Yes I belive you people should complain. You were at a disadvantage as it would have been very difficult to manage time then. I gave the AKU test this year. My centre was AKU itself as im in karachi. Our arrangements were perfect with clocks and everything. Btw how did other people at ur centre find the test, easy or difficult?


----------



## SOConfused (Nov 9, 2013)

--

- - - Updated - - -

I thought Bio was relatively easy & Physics was difficult. I wasnt able to properly spend time on solving the more difficult questions which I left for the end because they seemed more time consuming so I had to unnecessarily skip questions! 
How was yours & how did the Karachi lot find the paper? What marks do you expect to get?


----------



## Dark Knight (Sep 16, 2013)

Same with me Bio was easy, yet phycics was difficult. Everyone in karachi, atleast the ones I talked to, share the same opinion. Well I cant predict anything. Every year people get screwed up by sci and math reasoning. I was very exhausted when I started math and sci reasoning. While attempting sci reasoning I just couldnt concentrate so im sure I made alot of mistakes in it. I just hope I clear this test!


----------



## SOConfused (Nov 9, 2013)

I SO know what you mean! I had pulled an all-nighter before the test so I was just beat. That & having no idea what the time was completely rattled me! I hope I make it through too! 
Did you manage to solve the frequency question? Doppler's effect wala? & what did you get for the 4n chromosome number one?


----------



## Dark Knight (Sep 16, 2013)

Well I really dont remember


----------



## SOConfused (Nov 9, 2013)

Lol, ok. 
Let me know your Aku result when it comes, ok?


----------



## Dark Knight (Sep 16, 2013)

Sure


----------



## SOConfused (Nov 9, 2013)

Did you get the letter??


----------



## taiyab (Oct 26, 2014)

can u please tell me which topic was given this year for essay writing?


----------



## MSDD (Nov 23, 2013)

taiyab said:


> can u please tell me which topic was given this year for essay writing?

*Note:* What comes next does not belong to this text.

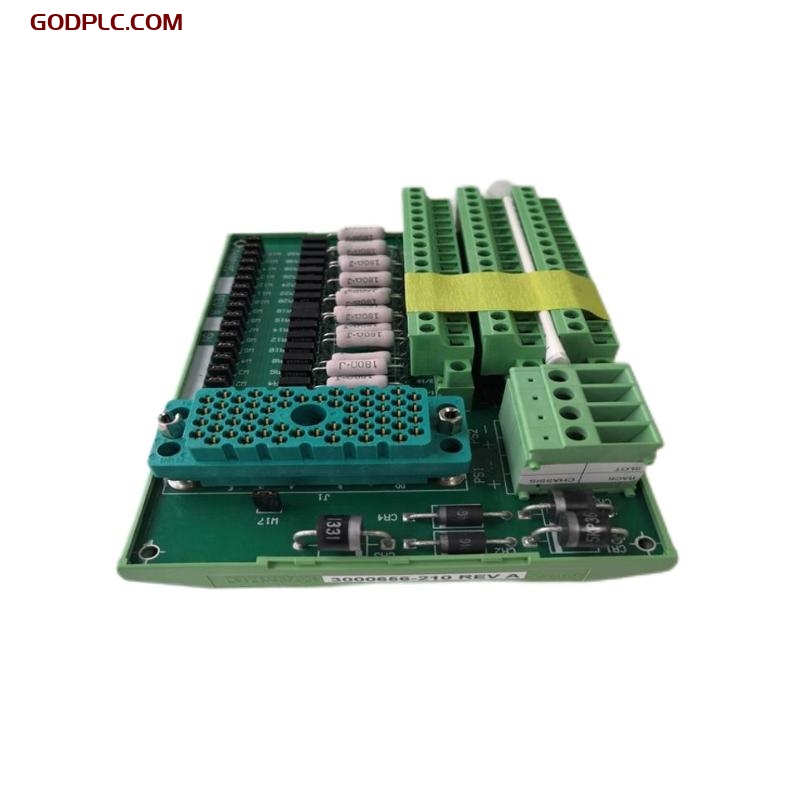 Triconex 9771-2XX 7400195-210 Analog Input Terminal Board
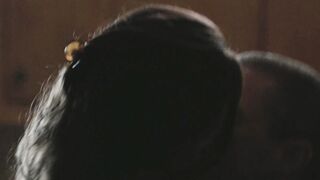 Alison Luff Nude Tits in "Heels" Season 1 Episode 2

There was no essay writing question this year! Pattern has been changed.


----------



## taiyab (Oct 26, 2014)

Does it mean that there won't b any essay question next year too?


----------



## MSDD (Nov 23, 2013)

Probably, yes.


----------



## anjiedoesmed (Nov 23, 2014)

Did any of you get in?


----------



## taiyab (Oct 26, 2014)

i will be applying coming year


----------